Physics informed cell representations for variational formulation of multiscale problems
- URL: http://arxiv.org/abs/2405.16770v1
- Date: Mon, 27 May 2024 02:42:16 GMT
- Title: Physics informed cell representations for variational formulation of multiscale problems
- Authors: Yuxiang Gao, Soheil Kolouri, Ravindra Duddu,
- Abstract summary: Physics-Informed Neural Networks (PINNs) are emerging as a promising tool for solving partial differential equations (PDEs)
PINNs are not well suited for solving PDEs with multiscale features, particularly suffering from slow convergence and poor accuracy.
This article proposes a cell-based model architecture consisting of multilevel multiresolution grids coupled with a multilayer perceptron (MLP)
In essence, by cell-based model along with the parallel tiny-cuda-nn library, our implementation improves convergence speed and numerical accuracy.

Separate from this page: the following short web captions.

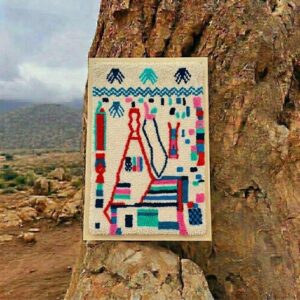 Framed Hand-Tufted Amazigh Wool Wall Art – Hamsa & Symbolic Design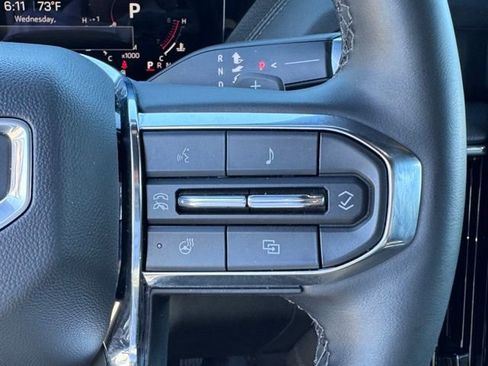 Used 2025 GMC Yukon Denali AWD/4WD image 29
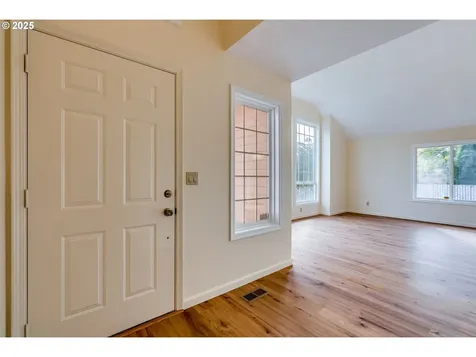 7912 SW Skyhar Court Portland OR 97223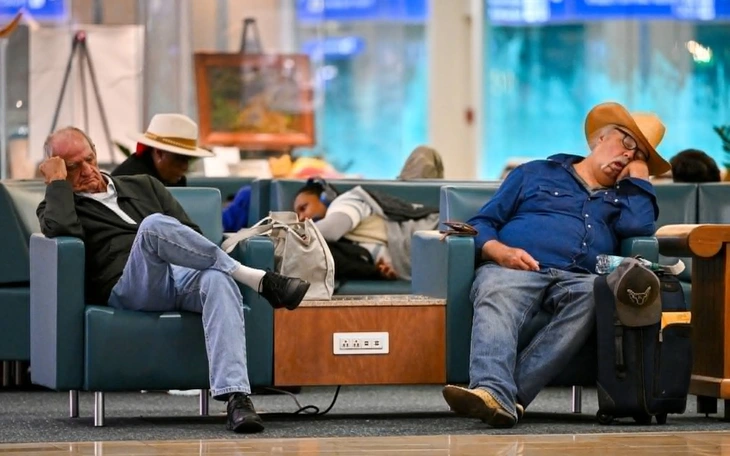 Tin tức thế giới 9-11: Mỹ hy vọng mở cửa chính phủ tạm thời; Philippines đón siêu bão Fung-Wong - Ảnh 2.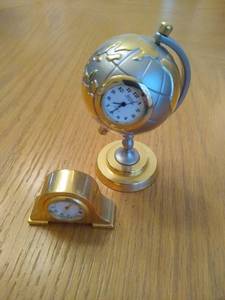 lot 6810 image: Globe Clock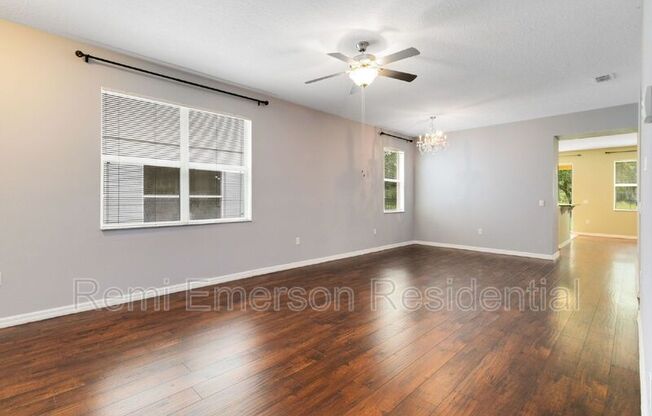 12832 OULTON CIR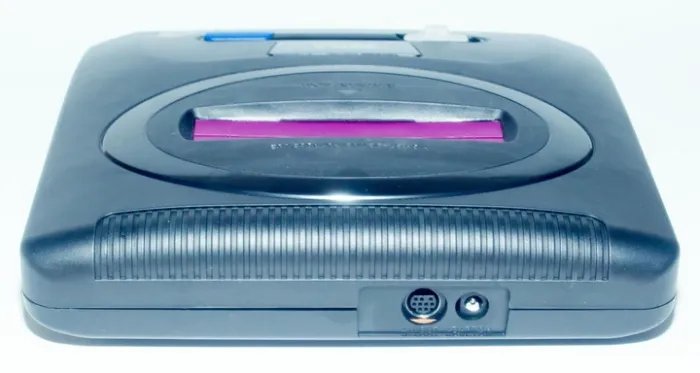 Игровая ретро приставка телевизионная консоль 16 бит Sega-MD2 с поддержкой картриджей и 9 встроенных игр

- Score: 8.905008042172883
- License: http://arxiv.org/licenses/nonexclusive-distrib/1.0/
- Abstract: With the rapid advancement of graphical processing units, Physics-Informed Neural Networks (PINNs) are emerging as a promising tool for solving partial differential equations (PDEs). However, PINNs are not well suited for solving PDEs with multiscale features, particularly suffering from slow convergence and poor accuracy. To address this limitation of PINNs, this article proposes physics-informed cell representations for resolving multiscale Poisson problems using a model architecture consisting of multilevel multiresolution grids coupled with a multilayer perceptron (MLP). The grid parameters (i.e., the level-dependent feature vectors) and the MLP parameters (i.e., the weights and biases) are determined using gradient-descent based optimization. The variational (weak) form based loss function accelerates computation by allowing the linear interpolation of feature vectors within grid cells. This cell-based MLP model also facilitates the use of a decoupled training scheme for Dirichlet boundary conditions and a parameter-sharing scheme for periodic boundary conditions, delivering superior accuracy compared to conventional PINNs. Furthermore, the numerical examples highlight improved speed and accuracy in solving PDEs with nonlinear or high-frequency boundary conditions and provide insights into hyperparameter selection. In essence, by cell-based MLP model along with the parallel tiny-cuda-nn library, our implementation improves convergence speed and numerical accuracy.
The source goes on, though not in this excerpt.